The key defines how system output is matched against the gold standard.
Key | Description |
---|---|
docid | Document identifier must be the same |
start | Start offset must be the same |
end | End offset must be the same |
span | Shorthand for (docid, start, end) |
type | Entity type must be the same |
kbid | KB identifier must be the same, or must both be NIL |
The filter defines what mentions are removed before precision, recall and f-score calculations.
Filter | Description |
---|---|
is_linked | Only keep mentions that are resolved to known KB identifiers |
is_nil | Only keep mentions that are not resolved to known KB identifiers |
is_first | Only keep the first mention in a document of a given KB/NIL identifier |
Note that the is_first filter is intended to provide clustering evaluation similar to the entity_match evaluation of linking performance.
The aggregator defines how corpus-level scores are computed from individual instances.

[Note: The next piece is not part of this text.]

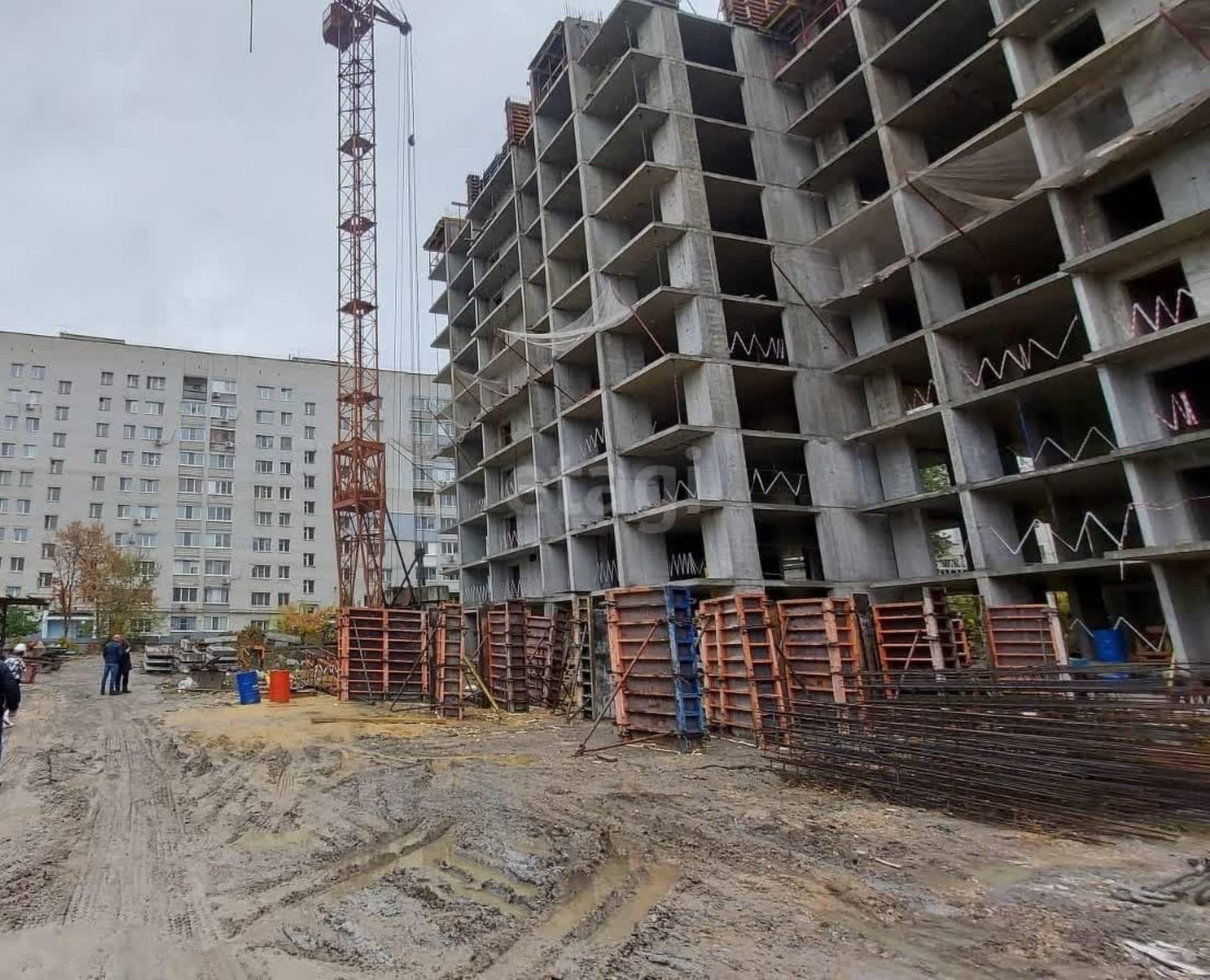 Купить квартиру за 3 927 000 рублей на Лунная улица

Aggregator | Description |
---|---|
Mention, linking, tagging evaluations | |
sets | Take the unique set of tuples as defined by key across the gold and system data, then micro-average document-level tp, fp and fn counts. |
overlap-{max,sum}{max,sum} | For tasks in which the gold and system must produce non-overlapping annotations, these scores account for partial overlap between gold and system mentions, as defined for the LoReHLT evaluation. |
Clustering evaluation | |
muc | Count the total number of edits required to translate from the gold to the system clustering |
b_cubed | Assess the proportion of each mention's cluster that is shared between gold and system clusterings |
entity_ceaf | Calculate optimal one-to-one alignment between system and gold clusters based on Dice coefficient, and get the total aligned score relative to aligning each cluster with itself |
mention_ceaf | Calculate optimal one-to-one alignment between system and gold clusters based on number of overlapping mentions, and get the total aligned score relative to aligning each cluster with itself |
pairwise | The proportion of true co-clustered mention pairs that are predicted, etc., as used in computing BLANC |
pairwise_negative | The proportion of true not co-clustered mention pairs that are predicted, etc., as used in computing BLANC |